Il 15 settembre ho illustrato alla Camera dei Deputati a tre componenti della Commissione Lavoro le emergenze più impellenti del Molise, sollecitandoli ad intervenire sul Ministero del Lavoro a tutela dei 3 mila dipendenti della GAM, dell’ITTIERRE e dell’indotto metalmeccanico, che con il loro licenziamento hanno consentito il riconoscimento dell’area di crisi complessa ai sensi della legge 134/2012, ma ad oggi rischiano di non accedere nemmeno alla proroga degli ammortizzatori sociali. Ho chiesto maggiore attenzione nell’utilizzo di fondi pubblici a tutela di chi ha perso il lavoro per aiutarlo attraverso politiche attive finalizzate alla presa in carico e alla ricollocazione lavorativa, altrimenti gli unici beneficiari dell’area di crisi saranno delle imprese che non avranno alcun obbligo di riassunzione per gli addetti ITTIERRE, GAM e del settore metalmeccanico. Ho sollecitato inoltre il loro intervento sull’INPS Nazionale e sul Ministero del Lavoro per sbloccare i pagamenti della mobilità in deroga riferita all’annualità 2015 in favore di n. 1.744 lavoratori che aspettano da mesi di percepire le indennità a cui hanno diritto per legge. Questa azione di sensibilizzazione istituzionale mira a tutelare poco meno di 5 mila lavoratori molisani che versano in una condizione di disagio e di assenza di prospettive, ma è evidente che l’emergenza occupazionale che vede toccare l’11% di tasso di disoccupazione sul piano nazionale, merita una risposta straordinaria da parte del Governo con politiche mirate, investimenti privati e assunzioni stabili.
Su questi temi, il 13 settembre scorso la segreteria nazionale della CGIL ha presentato un PIANO STRAORDINARIO PER IL LAVORO ipotizzando una terapia shock con 10 miliardi di investimenti pubblici per tre anni capaci di generare nel triennio 1.368.000 nuovi posti di lavoro con una crescita del PIL reale al 5,7% e un tasso di disoccupazione che calerebbe al 4,8%. Secondo le stime della CGIL in Italia dal 2007 si sono persi 1,6 milioni di posti di lavoro e se non si interviene con un PIANO STRAORDINARIO simile al New Deal americano, al Piano Beveridge inglese o alla legge 285 del 1978 in Italia, non si esce dalla palude. Nel 2015 l’area di sofferenza sociale è di oltre 9 milioni di persone tra scoraggiati, disoccupati, partite Iva a basso reddito, finti part-time, cassintegrati, ecc. e le persone in condizione di povertà assoluta sono passate da 1,8 milioni nel 2007 a 4,1 milioni del 2015, per la prima volta dal dopoguerra diminuisce la speranza di vita e le nascite sono al minimo storico dall’unità d’Italia.

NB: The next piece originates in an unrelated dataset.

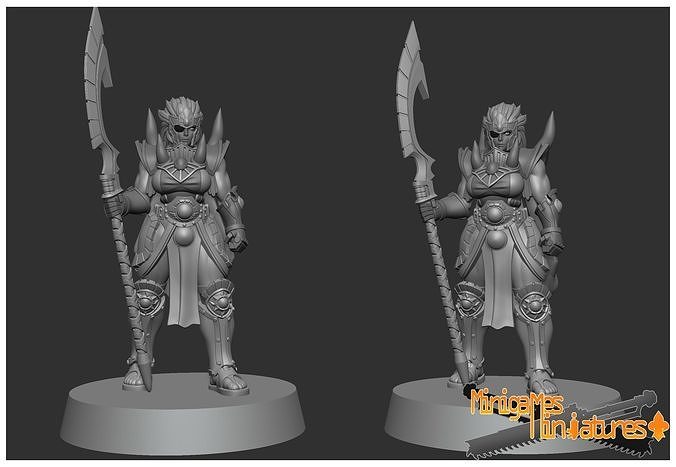 Magnus anime figurine 3D print model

La CGIL propone di recuperare 20 miliardi annui dalla tassazione delle grandi ricchezze e un contrasto più forte all’evasione fiscale per finanziare l’assunzione a tempo indeterminato di 120 mila persone nella pubblica amministrazione da impegnare nella sanità pubblica, nel digitale e nella ricerca, più 300 mila occupati per 6 anni e 100 mila occupati per 3 anni. Una proposta forte, argomentata e che sposta l’asse delle politiche del Governo da incentivi generici alle imprese al sostegno ad un progetto di redistribuzione del reddito capace di generare nuova occupazione stabile, nuova ricchezza e nuovo valore aggiunto. Come non condividere integralmente queste proposte. Se si vuole uscire dalla palude della crisi 2007-2015 occorre un mutamento di rotta nelle politiche del Governo per rimettere al centro la priorità del lavoro a partire dal Sud, dai giovani e dalle donne. Rimuovere dall’agenda il tema delle politiche economiche, della crescita e dello sviluppo, lascia incancrenire le emergenze sociali senza tracciare una prospettiva credibile e stabile per le nuove generazioni.